Top of Data for this exercise

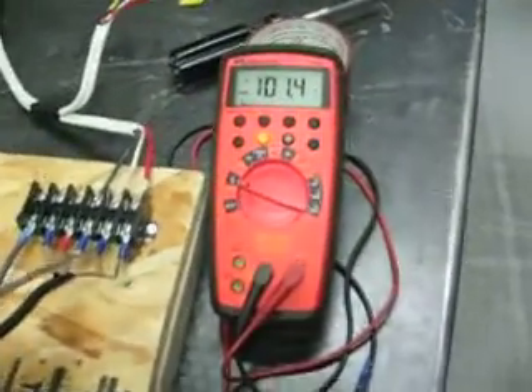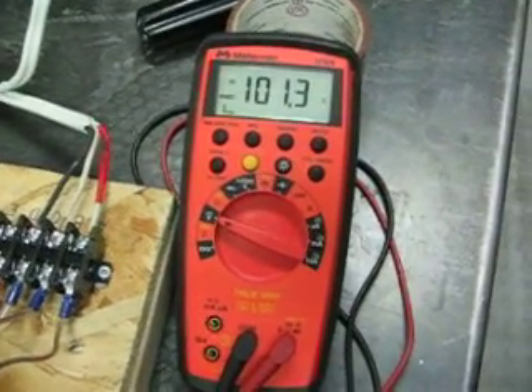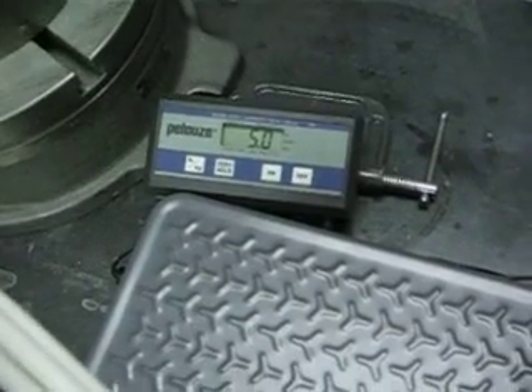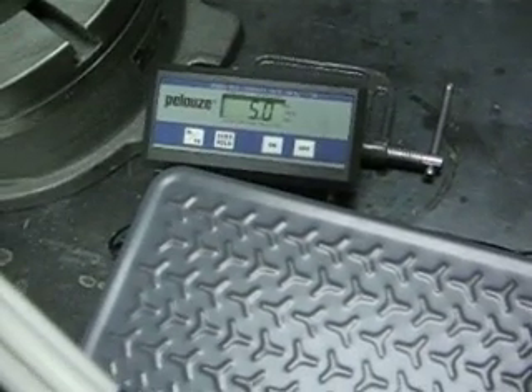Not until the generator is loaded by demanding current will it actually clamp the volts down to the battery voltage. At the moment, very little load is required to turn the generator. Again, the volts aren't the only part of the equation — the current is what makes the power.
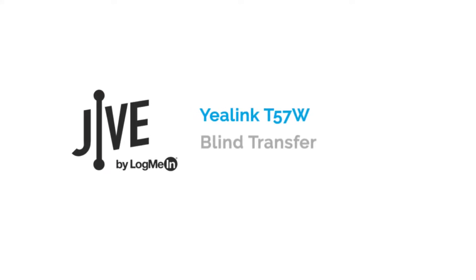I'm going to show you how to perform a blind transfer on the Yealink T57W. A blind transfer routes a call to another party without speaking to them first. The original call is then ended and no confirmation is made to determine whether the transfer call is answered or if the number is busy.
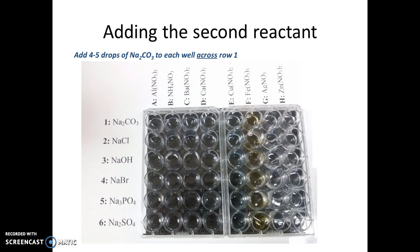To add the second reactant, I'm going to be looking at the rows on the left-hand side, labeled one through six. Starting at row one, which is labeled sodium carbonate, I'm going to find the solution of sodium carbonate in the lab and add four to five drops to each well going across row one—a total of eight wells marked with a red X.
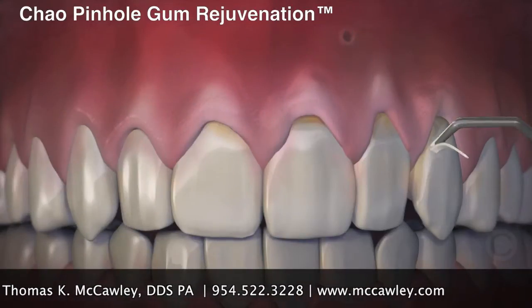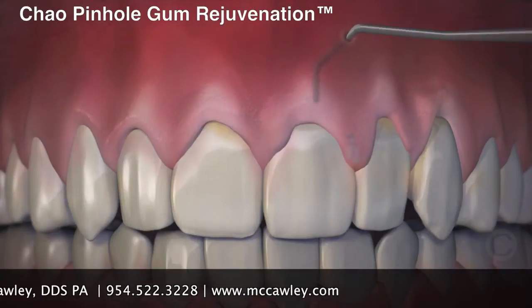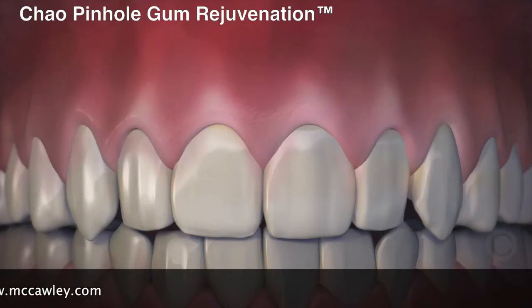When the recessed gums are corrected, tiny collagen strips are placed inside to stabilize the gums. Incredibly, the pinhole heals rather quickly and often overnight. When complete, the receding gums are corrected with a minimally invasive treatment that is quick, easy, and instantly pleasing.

Bottom of Data for this exercise
Top of Data for this exercise

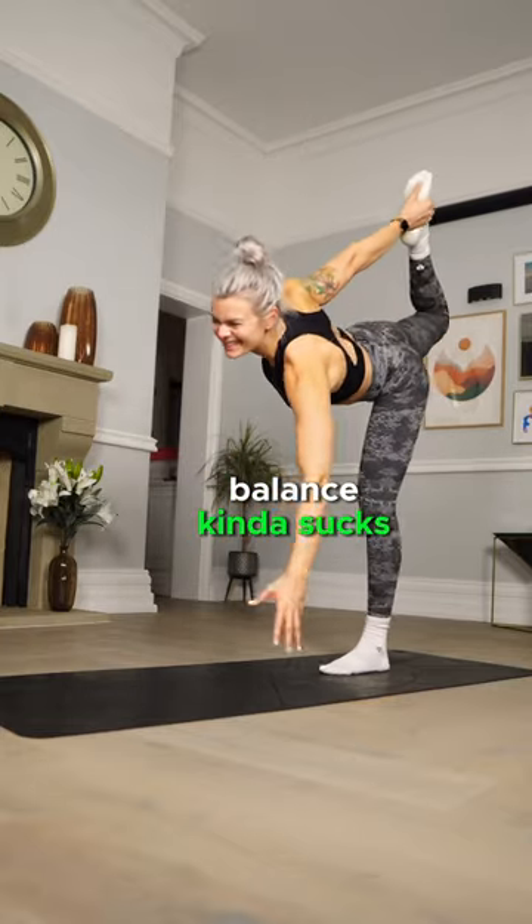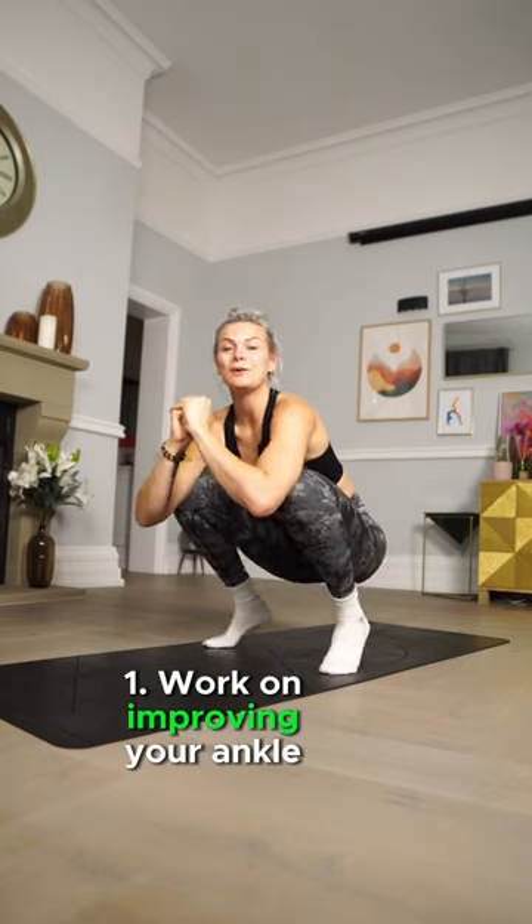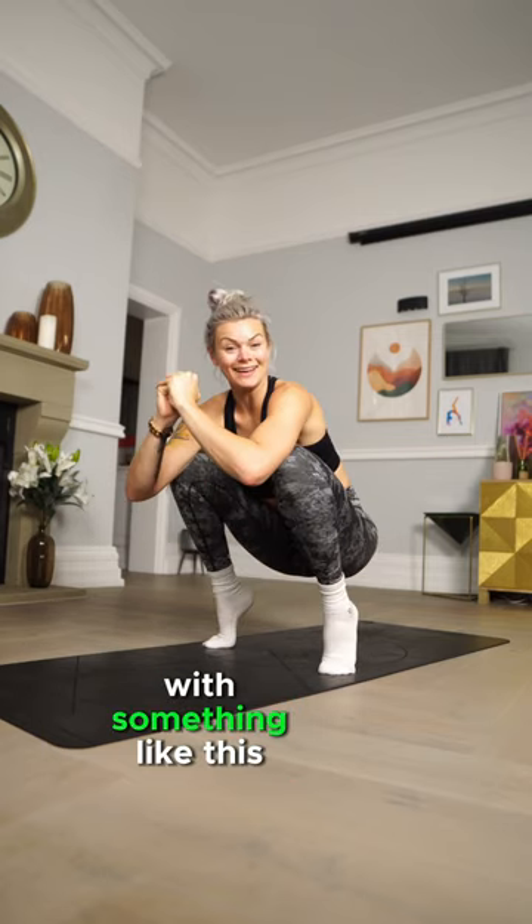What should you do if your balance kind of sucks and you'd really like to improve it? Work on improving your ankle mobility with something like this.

Bottom of Data for this exercise

▸ **Exercise description**
Begin at the line in the entries above that has "To add the second", stop after the line that has "When the recessed", and output exactly those lines without pictures.

▸ **Task response**
To add the second reactant, I'm going to be looking at the rows on the left-hand side, labeled one through six. Starting at row one, which is labeled sodium carbonate, I'm going to find the solution of sodium carbonate in the lab and add four to five drops to each well going across row one—a total of eight wells marked with a red X.
When the recessed gums are corrected, tiny collagen strips are placed inside to stabilize the gums. Incredibly, the pinhole heals rather quickly and often overnight. When complete, the receding gums are corrected with a minimally invasive treatment that is quick, easy, and instantly pleasing.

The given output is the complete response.